## [Assignment]
All lines in the records below from the line with "Hotell Sure By Western Aeroport 3*" through the line with "Choque entre auto" are to be given again exactly, both ends included; the pictures are to be left out.

## [Data listing]
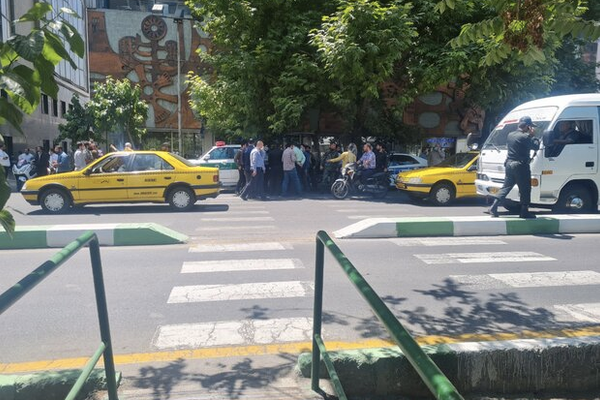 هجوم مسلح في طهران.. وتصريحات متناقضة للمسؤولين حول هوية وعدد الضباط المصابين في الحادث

==

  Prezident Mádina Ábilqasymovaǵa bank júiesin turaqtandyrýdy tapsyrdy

* * *

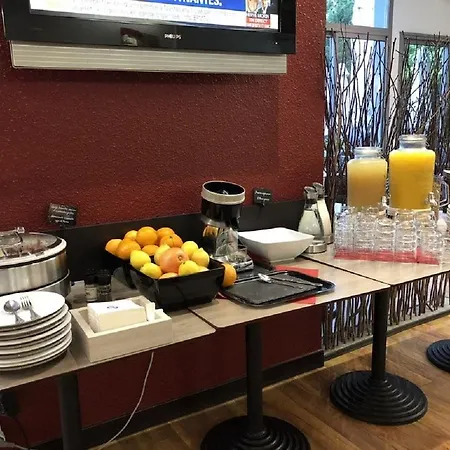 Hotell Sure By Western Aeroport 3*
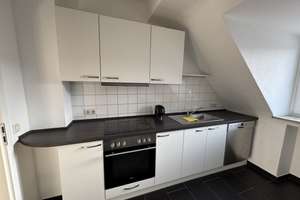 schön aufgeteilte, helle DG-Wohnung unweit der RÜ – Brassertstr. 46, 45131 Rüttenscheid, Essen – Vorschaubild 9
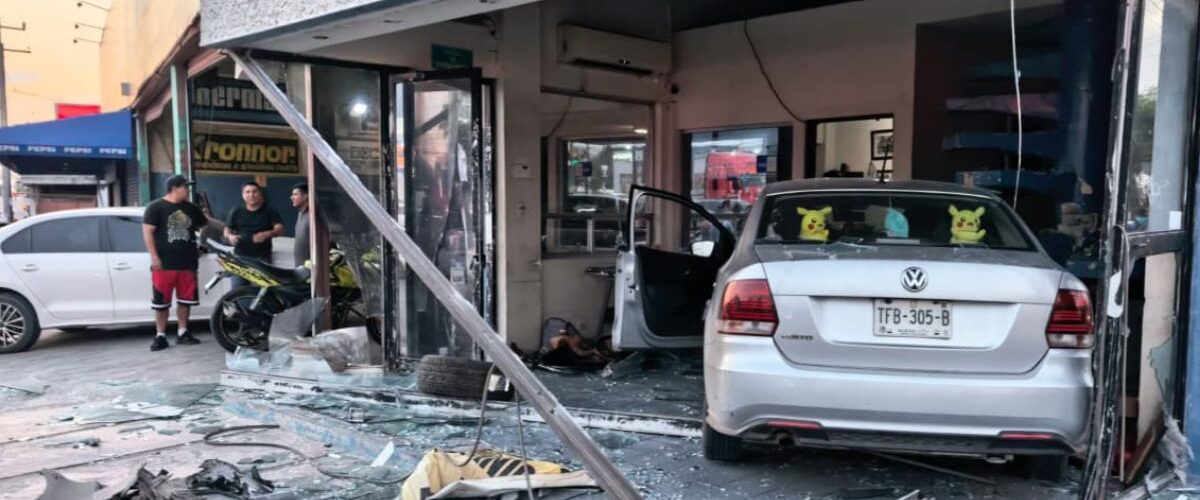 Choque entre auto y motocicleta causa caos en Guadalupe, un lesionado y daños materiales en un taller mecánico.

## [Answer area]
 Hotell Sure By Western Aeroport 3*
 schön aufgeteilte, helle DG-Wohnung unweit der RÜ – Brassertstr. 46, 45131 Rüttenscheid, Essen – Vorschaubild 9
 Choque entre auto y motocicleta causa caos en Guadalupe, un lesionado y daños materiales en un taller mecánico.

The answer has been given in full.